213 2013-12-22 16:12:47 <jacob___> hello
214 2013-12-22 16:12:52 <jacob___> i am looking at ECDSA,.., i studied it and look at the implementation in bitcoin with use of openSSL,
215 2013-12-22 16:12:57 <jacob___> I have a hard time finding how the emphemeral is generated, i dont see it
216 2013-12-22 16:13:17 <jacob___> jgarzik, i am actually looking at your code in wallet.c (github picocoin)
217 2013-12-22 16:16:11 <sipa> jacob___: it's all inside openssl
218 2013-12-22 16:16:40 <jacob___> hold on sipa))
219 2013-12-22 16:16:46 <sipa> you just give the hash to sign and the key to openssl, and get a signature back
220 2013-12-22 16:16:59 <jacob___> i see after initialisation of domain parameters
221 2013-12-22 16:17:02 <jacob___> key->k = EC_KEY_new_by_curve_name(NID_secp256k1);
222 2013-12-22 16:17:05 <jacob___> i see this call
223 2013-12-22 16:17:06 <jacob___> EC_KEY_generate_key(key->k)
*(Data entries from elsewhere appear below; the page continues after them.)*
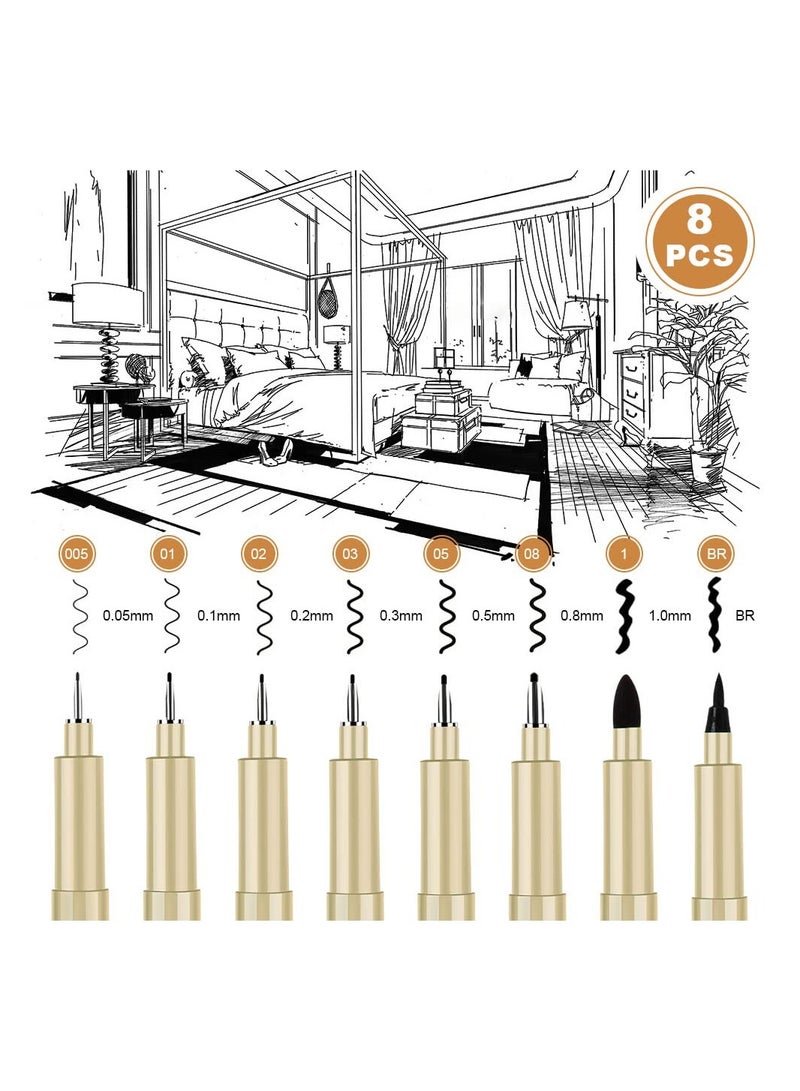 Calligraphy Pens Set - 8 Pack Micro-Pen Fineliner Ink Pens for Writing, Drawing, and Illustration. Waterproof Archival Ink Multiliner Pens for Art, Sketching, and Scrapbooking. - Image 2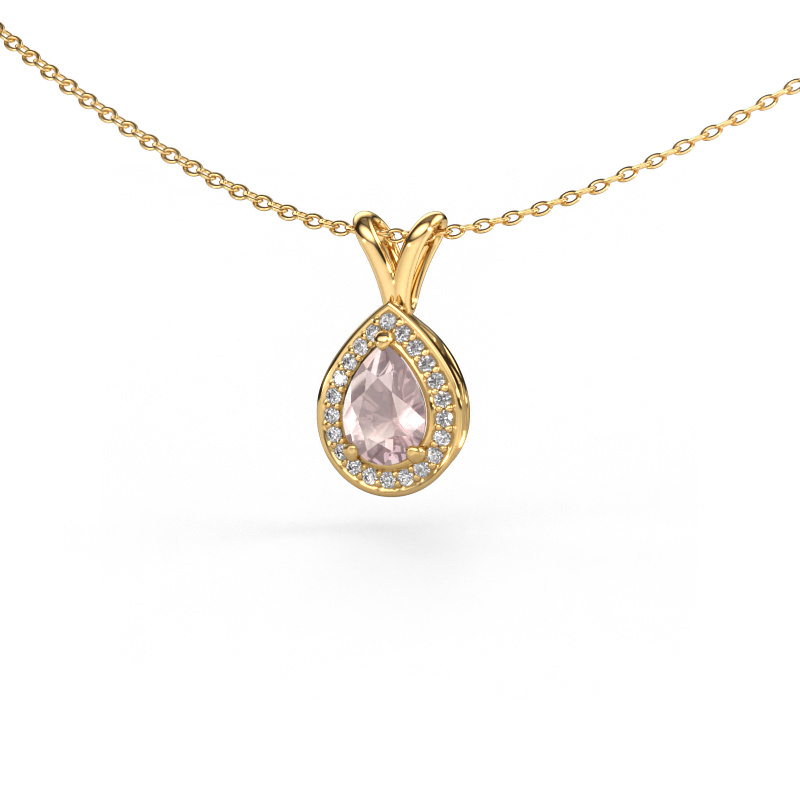 Image de Pendentif Ginger 585 or jaune Champagne morganite 7x5 mm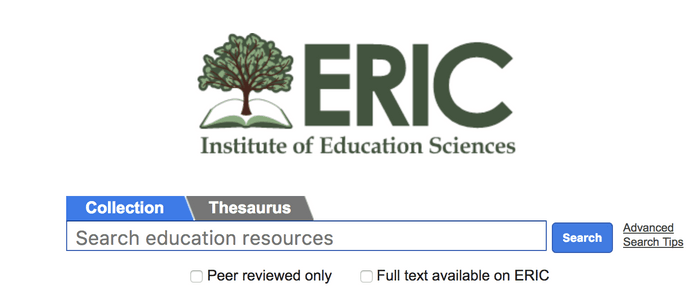 Search interface of ERIC database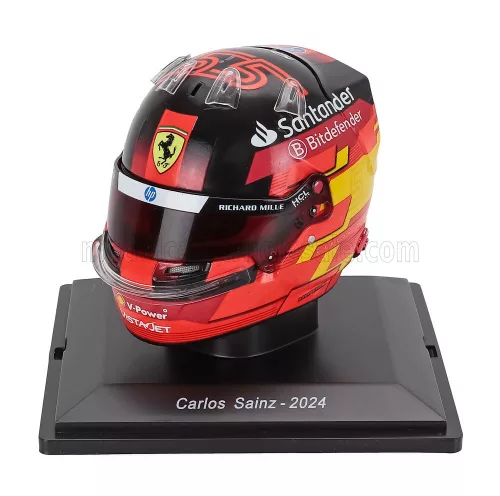 Edicola - HELMET F1 CASCO HELMET CARLOS SAINZ TEAM SCUDERIA FERRARI SF-24 SEASON 2024 RED YELLOW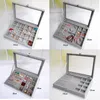 Velvet Glass Ring Earring Jewelry Display Organizer Box Tray Holder Storage Case 220727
224 2013-12-22 16:17:18 <sipa> that's creating a new key
225 2013-12-22 16:17:21 <jacob___> this is just choosing parameter 'd' the provate key right
226 2013-12-22 16:17:30 <sipa> d?
227 2013-12-22 16:17:33 <jacob___> not d*A (where A is g)
228 2013-12-22 16:17:48 <jacob___> d= private key exponent
229 2013-12-22 16:17:53 <sipa> an EC_KEY is both private and public key
230 2013-12-22 16:18:00 <sipa> so it holds both d and d*A
231 2013-12-22 16:18:21 <jacob___> ok
232 2013-12-22 16:19:02 <jacob___> i need to look at internal structure of EC_KEY
233 2013-12-22 16:19:06 <sipa> why?
234 2013-12-22 16:19:16 <sipa> it's opaque
235 2013-12-22 16:19:21 <jacob___> ok
236 2013-12-22 16:19:48 <jacob___> so one extracts data from this opaque structure through functions then
237 2013-12-22 16:19:54 <sipa> no
238 2013-12-22 16:19:55 <jacob___> makes sense
239 2013-12-22 16:20:13 <sipa> well, you call functions to convert it to a serialized data type (for private or public keys)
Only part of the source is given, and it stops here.